The label was an imprint of Chris Blackwell's Island Records back in the late Sixties, founded by an associate of Blackwell named Lee Gopthal, and produced recordings of some major reggae figures, like its namesake "Duke" Reid, who was often called "Trojan" early in his career, as well as the Upsetters, Jimmy Cliff, and Desmond Dekker, among many others.

The association with Island ended after a few years, but Trojan soldiered on, though it struggled for years until the early 80s ska revival gave a brief resurgence to the label.  In 1985, an accountant and fan named Colin Newman (not the singer of the great British band, Wire) bought Trojan and put a focus on its voluminous and rich back catalog.


The major label, Sanctuary, paid a pretty price for Trojan in 1990, and it was under that owner that a series of budget, three-disc box sets mining the catalog were issued.  The first of the dub sets came out in 1998, with a second following two years later.  In 2007, Sanctuary was acquired by Universal Music Group and then the Trojan label went to BMG, where it now resides.

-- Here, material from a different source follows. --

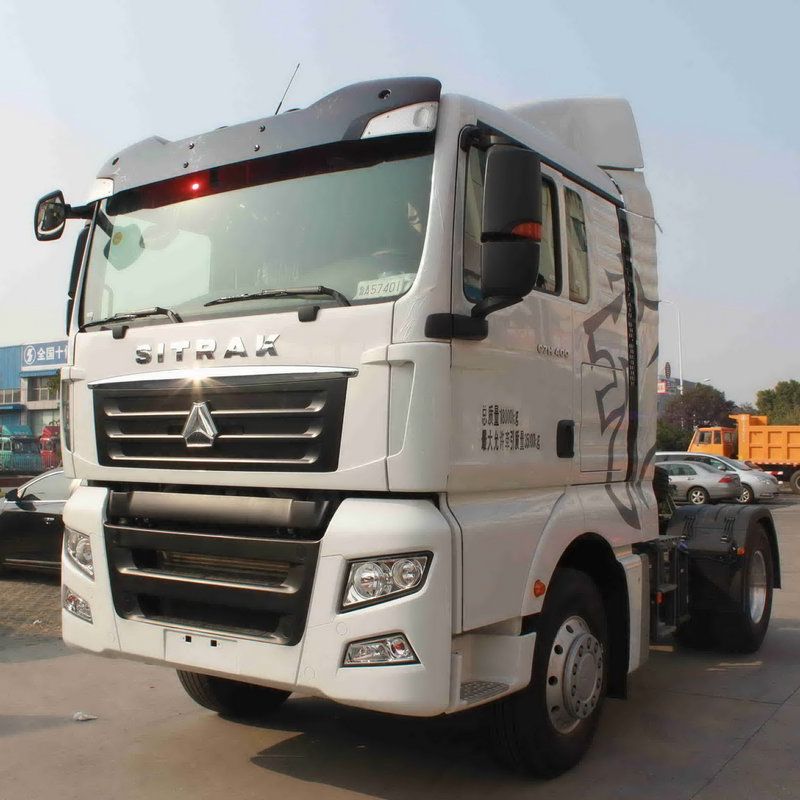 Hlava traktoru Sinotruk ZZ4186W361HF1B AMT s převodovkou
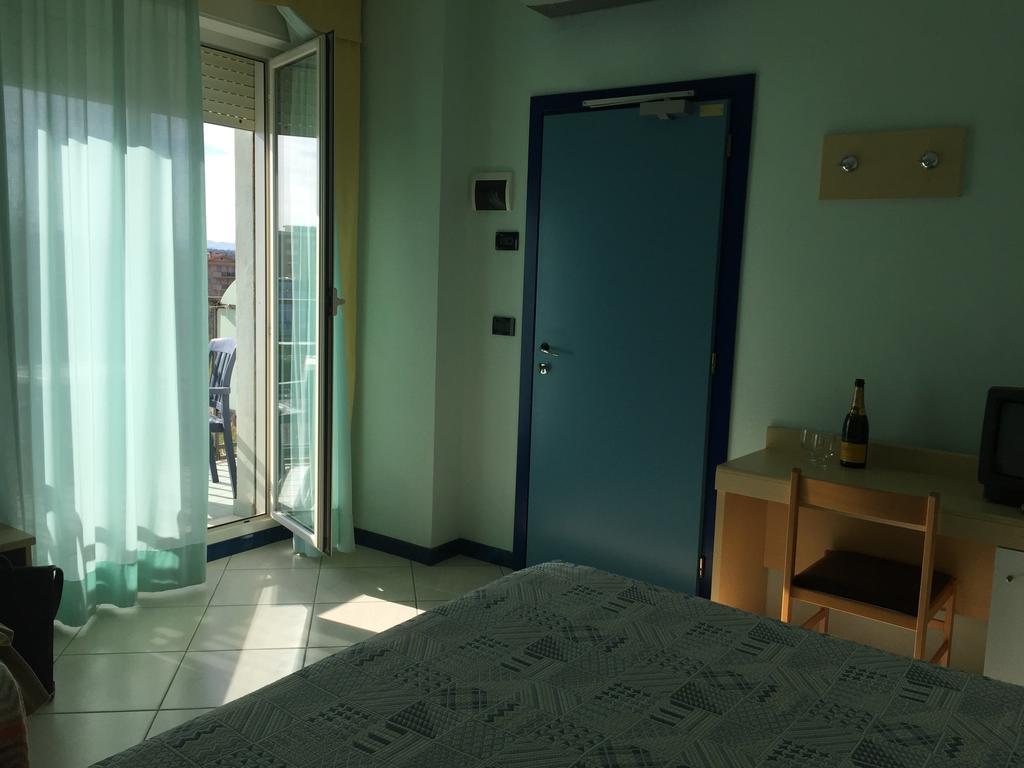 Hotel Bristol Misano Adriatico Camera foto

The first volume is packed with 50 prime dub tracks from such figures as legendary drummer Sly Dunbar and The Revoluntaries; the Aggrovators, the Upsetters, Gregory Isaacs, Scientist, King Tubby, Roots Radics, the Observers, and more.

All the hallmarks of great dub are here--the prominence of largely deep-grooving bass as the melodic centerpiece, the particularly distinctive use of drums and other percussion to ornament the bass with remarkable rhythms, and the heavily distorted remixing of these instruments and guitars, horns and others with often otherworldly vocal samples.

The version of the box owned by this blogger is a demo one, so there was no cover art, just cards for each disc that provided part of an overall story of Trojan's history.  It's very brief and general and could be useful for those coming to dub for the first time or with limited experience.

Dub is one of the few forms of music for this listener that can accompany so many different activities--at work, driving, doing work out in the yard or in the house, exercising, or whatever.  When it comes to some of the choicest examples of the genre available at a great price and providing such a great overview, it's hard to imagine something topping the Trojan Dub Box Set series.